この作品の日本での評価の高さとその内容から、映画感想のブログなどを読んでいても感じる「日本人の人の良さ」を改めて感じた。確かに感動的ではあるが、お涙頂戴の意図が露骨だし、その手の場面も長すぎる。正直言って、少しうるっときかけた箇所もあるが、泣きを助長するための音楽といい、泣いたら恥ずかしいと思わせるような臆面のなさだ。

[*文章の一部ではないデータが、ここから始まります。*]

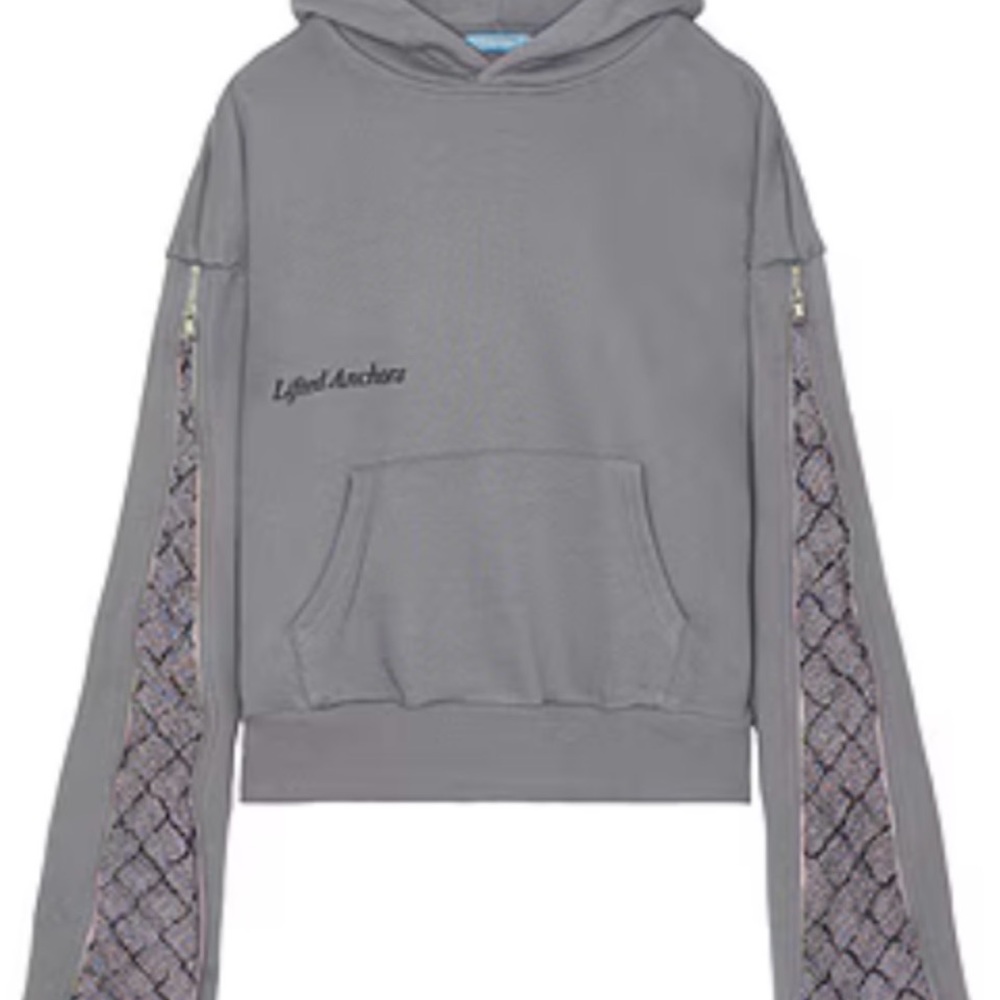 Lifted Anchors Gray Hoodie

フラガールになる炭鉱娘たちを演じる役者たちは、映画のためにダンスの特訓を受け、素人が一人前のダンサーになっていく役柄と重なって感動を呼ぶわけだ。が、ミュージシャンである私は、ごり押しお涙頂戴演出への反感からか、先生役の松雪泰子が最初に言ったように、素質のないものは芸を身に付けるべきではない、という逆のメッセージを受けとった。この映画をきっかけに、日本ではフラが流行ったらしいが、日本各地で映画の最初のレッスン場面のような光景が繰り広げられたのかと思うと、頭が痛くなりそうだ。小市民的感覚が観客の共感を呼び、自分でもできそうだという幻想を抱くのだろうか。私は、人間の脳は単純ではあるが、それほど単純でもない、と思っているので、直接的に小市民感覚に語りかけるようなこういった作品は、作り手受け手両方の脳を麻痺させるような気がして、好きではない。

似た設定の「フルモンティ」も貧乏くさくてあまり好きではなかったが、コメディとしては悪くなかった。「フラガール」ではユーモアが中途半端なため、感動的であるはずの場面の効果も薄れているし、ユーモアと一緒の方が社会状況もきちんと浮かび上がってきたと思う。常磐ハワイアンセンターは、日本の偽ハワイとしてギャグの対象だったはずだが、その視点はどこにもなく、対象にべったりの真面目な力技的演出だ。対象に共感しながら、例えばユーモアという形で距離を置くことは可能なはずだが。常磐ハワイと本物のハワイは、どちらが良い悪いではなく、違うものだ。が、その違いを意識し、自分の置かれている位置を確かめるセンスがないと、本物=アメリカ物は何でもいいという批評精神の欠如につながっていく気がする。それとも「常磐ハワイアンセンター」がギャグなのは暗黙の了解、という日本人にしか分からない前提で成立っているのだろうか?